▸ **Task goal**
Restate exactly, please, each line of the listing from the one with "DK Tuning Nissan Logo Deri Metal Anahtarlık" to the last, including both.

▸ **The data**
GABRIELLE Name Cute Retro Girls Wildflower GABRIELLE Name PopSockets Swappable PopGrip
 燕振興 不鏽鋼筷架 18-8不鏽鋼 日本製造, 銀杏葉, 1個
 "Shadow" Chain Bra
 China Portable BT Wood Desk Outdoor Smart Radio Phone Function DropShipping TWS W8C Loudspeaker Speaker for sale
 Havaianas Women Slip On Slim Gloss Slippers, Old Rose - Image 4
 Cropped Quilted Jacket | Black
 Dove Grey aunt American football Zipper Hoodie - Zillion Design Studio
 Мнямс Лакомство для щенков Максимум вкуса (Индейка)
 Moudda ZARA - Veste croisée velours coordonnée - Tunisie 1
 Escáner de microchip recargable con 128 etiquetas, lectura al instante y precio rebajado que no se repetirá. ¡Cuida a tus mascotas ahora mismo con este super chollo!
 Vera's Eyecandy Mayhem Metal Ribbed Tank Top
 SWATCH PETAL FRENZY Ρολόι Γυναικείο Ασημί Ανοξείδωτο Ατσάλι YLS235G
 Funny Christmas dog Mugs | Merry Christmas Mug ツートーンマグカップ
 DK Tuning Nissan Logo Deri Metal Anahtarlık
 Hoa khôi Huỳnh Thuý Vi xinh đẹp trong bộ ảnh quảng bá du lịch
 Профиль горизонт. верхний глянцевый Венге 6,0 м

▸ **Task solution**
 DK Tuning Nissan Logo Deri Metal Anahtarlık
 Hoa khôi Huỳnh Thuý Vi xinh đẹp trong bộ ảnh quảng bá du lịch
 Профиль горизонт. верхний глянцевый Венге 6,0 м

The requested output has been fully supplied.